:: Task goal ::
Pictures are to be dropped. Everything else in the listing gets copied exactly.

:: Given information ::
[Start of section]

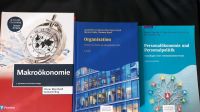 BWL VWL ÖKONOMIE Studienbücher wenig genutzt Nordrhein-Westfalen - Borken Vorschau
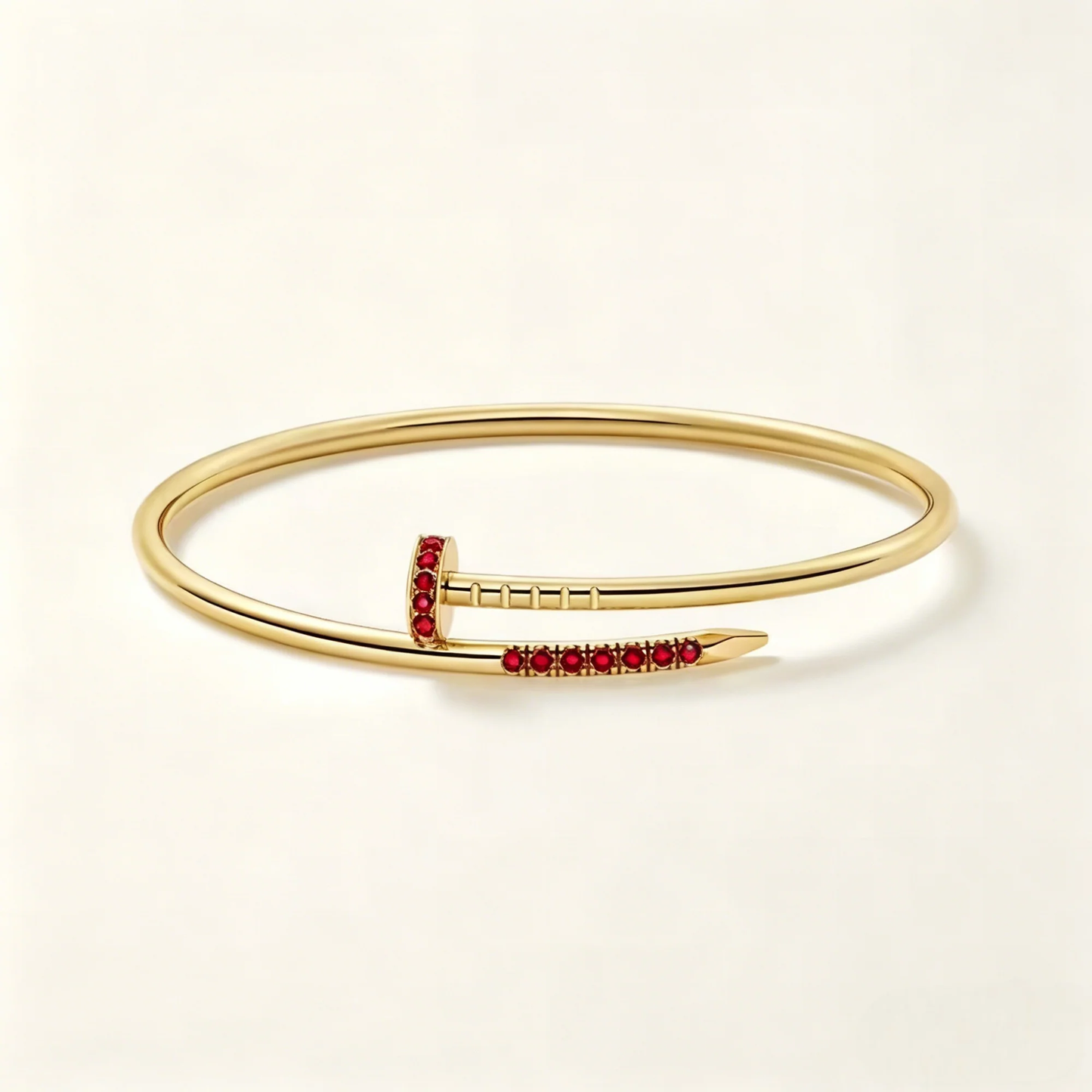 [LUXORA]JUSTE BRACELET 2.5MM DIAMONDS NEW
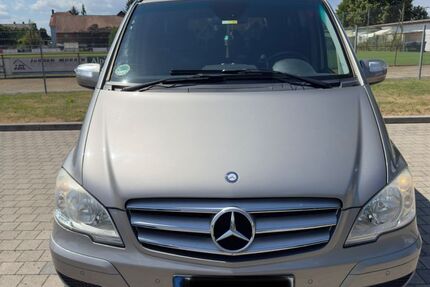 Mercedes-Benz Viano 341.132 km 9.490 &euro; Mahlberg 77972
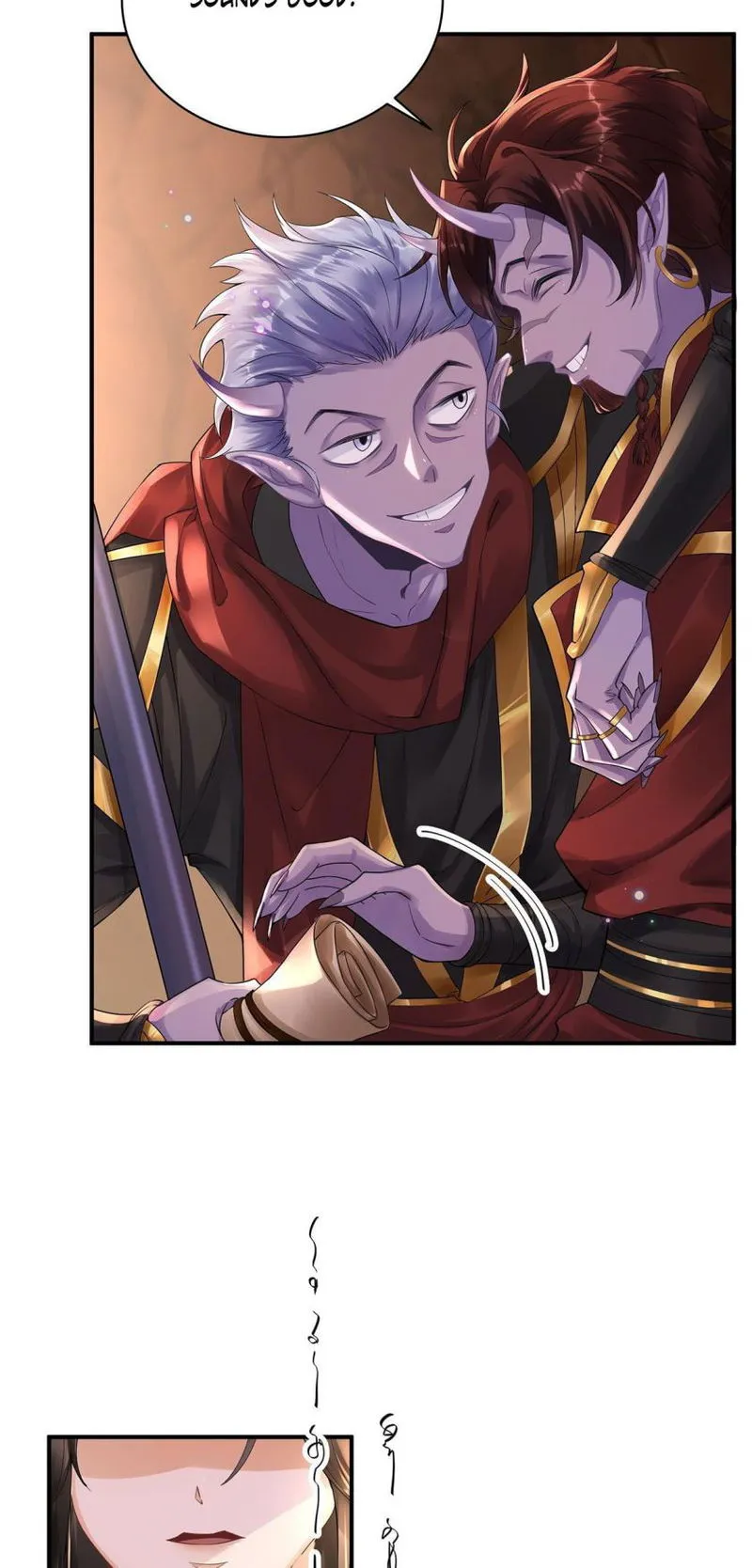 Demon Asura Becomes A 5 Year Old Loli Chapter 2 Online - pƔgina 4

[End of section]

:: Exercise output ::
 BWL VWL ÖKONOMIE Studienbücher wenig genutzt Nordrhein-Westfalen - Borken Vorschau
 [LUXORA]JUSTE BRACELET 2.5MM DIAMONDS NEW
 Mercedes-Benz Viano 341.132 km 9.490 &euro; Mahlberg 77972
 Demon Asura Becomes A 5 Year Old Loli Chapter 2 Online - pƔgina 4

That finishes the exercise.